Apuntes sobre la descentralización en el Perú (Parte II)

Parafraseando a Efraín Gonzales de Olarte (2012), por alguna extraña razón las cosas que se hacen en el Perú tienen un sello bien peruano. Casi siempre surgen como respuestas a coyunturas específicas. Nunca obedecen a una estrategia planificada de mediano y largo plazo. Por lo tanto, salen apresuradamente, sin objetivos claros, con mucha improvisación. Y lo más curioso, es «que en muchos casos funcionan, aunque sin controlar el derrotero a seguir». Este es el caso de los dos procesos de descentralización emprendidos en el Perú.

El primer proceso de descentralización fue propuesto en la Constitución de 1979 como una característica fundamental del Estado peruano, lo que reflejaba el consenso (por lo menos para las cámaras) de los diversos sectores políticos democráticos. Sin embargo, pronto se expresarían fuertes resistencias del poder político y económico, generándose una dinámica desarticulada e intermitente, que reflejó la poca disposición de los gobiernos democráticos de los ochenta y de la oposición conservadora para avanzar en esta reforma.

Así, durante el segundo gobierno de Fernando Belaunde Terry (1980-1985), se aprueba el Plan Nacional de Regionalización, donde se propone la creación de doce regiones. Asimismo, dicho Plan propone la creación de la Asamblea Regional (la cual como veremos más adelante desapareció en el segundo proceso de descentralización emprendido el 2002) y el Consejo Regional, que constituían respectivamente el Legislativo y el Ejecutivo del gobierno regional. No obstante, el Plan no contemplaba la definición de estas y ni sus respectivas sedes, elementos básicos para la implementación del proceso.

Fue durante los últimos años del primer gobierno de Alan García (1985-1990), en medio del caos y la zozobra económica y política –y como una forma de establecer una fuente de poder alternativo, con la esperanza de ganar algunas elecciones a nivel de los nuevos gobiernos regionales– que el régimen aprista promulgó la Ley de Bases de la Regionalización (1987) que fijaba el número de regiones y designaba sus capitales, dando pie a partir de 1989, mediante leyes específicas a la creación de once regiones de las doce previstas (no se promulgó la ley de creación de la Región Lima-Callao).  

Las regiones creadas fueron: 1) Región Grau: Piura, Tumbes; 2) Región Nor Oriental del Marañón: Amazonas, Cajamarca, Lambayeque; 3) Región Víctor Raúl Haya de la Torre: San Martín, La Libertad; 4) Región Chavín: Ancash; 5) Región Amazonas: Loreto; 6) Región Ucayali: Ucayali; 7) Región Andrés Avelino Cáceres: Huánuco, Junín, Pasco; 8) Región Los Libertadores-Wari: Ayacucho, Huancavelica, Ica; 9) Región Inca: Apurímac, Cuzco, Madre de Dios; 10) Región Arequipa: Arequipa; 11) Región José Carlos Mariátegui: Moquegua, Puno, Tacna.
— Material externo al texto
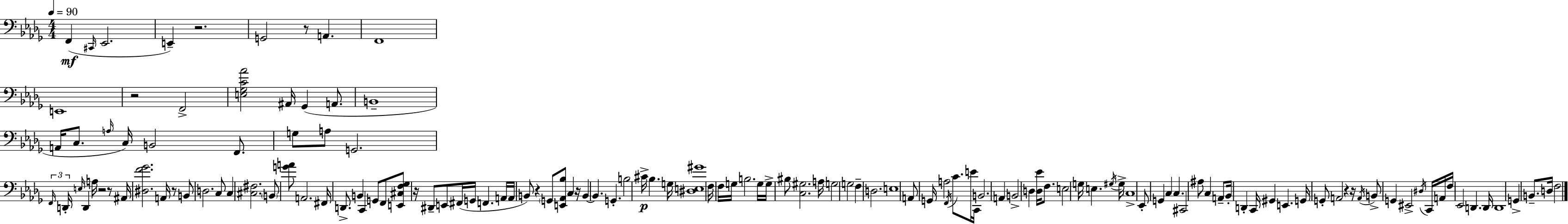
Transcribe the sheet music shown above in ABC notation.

X:1
T:Untitled
M:4/4
L:1/4
K:Bbm
F,, ^C,,/4 _E,,2 E,, z2 G,,2 z/2 A,, F,,4 E,,4 z2 F,,2 [E,_G,C_A]2 ^A,,/4 _G,, A,,/2 B,,4 A,,/4 C,/2 A,/4 C,/4 B,,2 F,,/2 G,/2 A,/2 G,,2 F,,/4 D,,/4 E,/4 D,, A,/4 z2 z/2 ^A,,/4 [^D,F_G]2 A,,/4 z/2 B,,/2 D,2 C,/2 C, [^C,^F,]2 B,,/2 [GA]/2 A,,2 ^F,,/4 D,,/2 B,, C,, G,,/2 F,,/2 [E,,^C,F,_G,]/2 z/4 ^D,,/2 E,,/2 ^F,,/4 G,,/4 F,, A,,/4 A,,/4 B,,/2 z G,,/2 [E,,_A,,_B,]/2 C, z/4 B,, B,, G,, B,2 ^C/4 _B, G,/4 [^D,E,^G]4 F,/4 F,/4 G,/4 B,2 G,/4 G,/4 ^B,/2 [C,^G,]2 A,/4 G,2 G,2 F, D,2 E,4 A,,/2 G,,/4 A,2 F,,/4 C/2 E/4 C,,/4 B,,2 A,, B,,2 D, [D,_E]/4 F,/2 E,2 G,/4 E, ^G,/4 ^G,/4 C,4 _E,,/2 G,, C, C, ^C,,2 ^A,/2 C, A,,/2 _B,,/4 D,, C,,/4 ^G,, E,, G,,/4 G,,/2 A,,2 z z/4 A,,/4 B,,/2 G,, ^E,,2 ^D,/4 C,,/4 A,,/4 F,/4 _E,,2 D,, D,,/4 D,,4 G,, B,,/2 D,/4 F,2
Es así como a finales de 1989 se realizaron elecciones en cinco de estas regiones, específicamente en Grau, Amazonas, Arequipa, José Carlos Mariátegui y Ucayali. Sin embargo, debido a lo apresurado e improvisado de su creación, a pesar de que se les transfiere una amplia gama de responsabilidades, los gobiernos regionales carecieron de recursos fiscales propios, así que tuvieron que depender de la bondad del gobierno nacional.

Esta primera reforma, de la cual nunca se ha hecho un balance serio, fue interrumpida abruptamente por el autogolpe de Alberto Fujimori (1992), reemplazando los gobiernos regionales por los Consejos Transitorios de Administración Regional (CTAR), que eran simples mesas de partes y con funcionarios elegidos a dedo, como preludio de un proceso de recentralización autoritaria, mediante el cual se impulsó –con el respaldo de las clases dominantes– la implementación a ultranza del modelo neoliberal.

En un siguiente artículo trataremos sobre el segundo proceso de descentralización retomado desde el 2002, bajo el gobierno de Alejandro Toledo, cuyo objetivo era por lo menos en teoría: «fortalecer los gobiernos subnacionales y compartir las funciones, competencias, decisiones y recursos, para lograr impactos positivos en la ciudadanía y su calidad de vida».